Fig. 6

a Maximum intensity confocal z-projections showing the distribution of Tfn-488 (black dots) upon 30 min of incubation in COS-1 cells expressing mCherry-tagged ARF3^WT and all identified mutants. Red circle indicates Tfn signal at the perinuclear region (PN). Outlines (black in a and yellow in c) depict the boundaries of representative transfected cells. The black and white images are rendered by inverting the original LUT in Fiji and nuclei are pseudo-colored (purple) in the images. The images are representative of two independent experiments. b–b’ Incidence of cells showing “clustered”, “semi-clustered” or “dispersed” Tfn staining (b) and the ratio of the cells (%) showing “clustered” Tfn phenotype normalized by not-transfected cells (NT) with the same phenotype (b’, internal control). No. of cells = 42 (WT); 22 (K127E, ****p < 0.0001); 33 (L12V/D67V, ***p = 0.0002); 31 (P47S); 26 (D93N); and 25 (T32N). Data are expressed as mean ± SEM (b, b’) of three (WT) and two (all the other mutants) independent experiments. c Maximum intensity confocal z-projections showing COS-1 cells expressing ARF3^WT and all identified mutants, incubated with Tfn-488 for 30 min followed by immunostaining against Rab5 (marker of early endosomes).
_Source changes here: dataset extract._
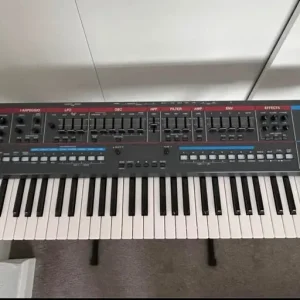 Roland Juno X polyphonic synthesizer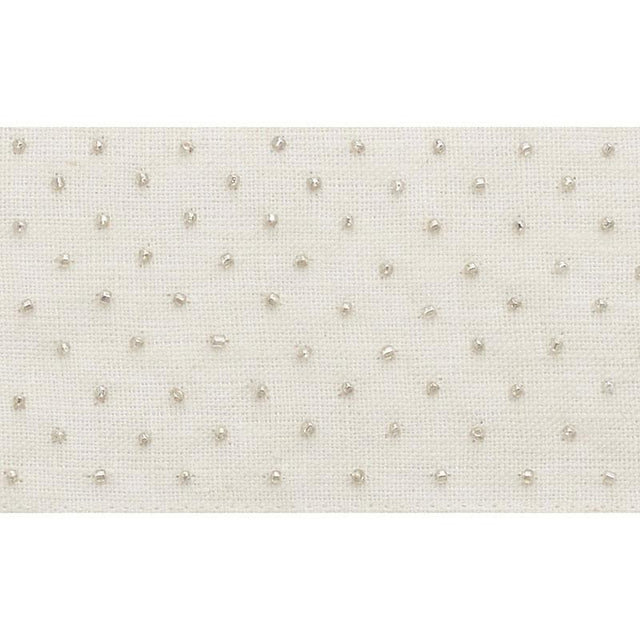 Schumacher Ivory Northern Lights Beaded Tape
For all the panels single channels (ARF3mCherry: gray, Tfn-488: magenta, Rab5: green), the merge showing the co-localization between Tfn and Rab5 are shown. The insets in the white square show a zoom on the PN co-localization signal. Nuclei are stained with DAPI. The images are representative of cells from a single experiment. d Colocalization analysis showing the spatial co-occurrence of Tfn and Rab5+ signals at the PN region in the z-stacks analyzed, no. of cells = 13 (WT; K127E ****p < 0.0001; T32N), 16 (L12V/D67V, **p = 0.0016; D93N), 21 (P47S). The fraction (%) of Tfn⁺ signal co-localized with Rab5⁺ vesicles at the PN (thresholded Mander’s coefficient M1) is reported as box-and-whisker with median (middle line), 25th–75th percentiles (box), and min–max values (whiskers) of a single experiment. All the data points and the mean (“+”) are also shown. Two-sided Chi-square’s test in a 2 × 2 contingency table (semi-clustered and dispersed vs. clustered, b), One-way ANOVA followed by Dunnett’s multiple comparison post hoc test (b‘, d) are used to assess the statistical significance. Source data are provided as a Source Data file.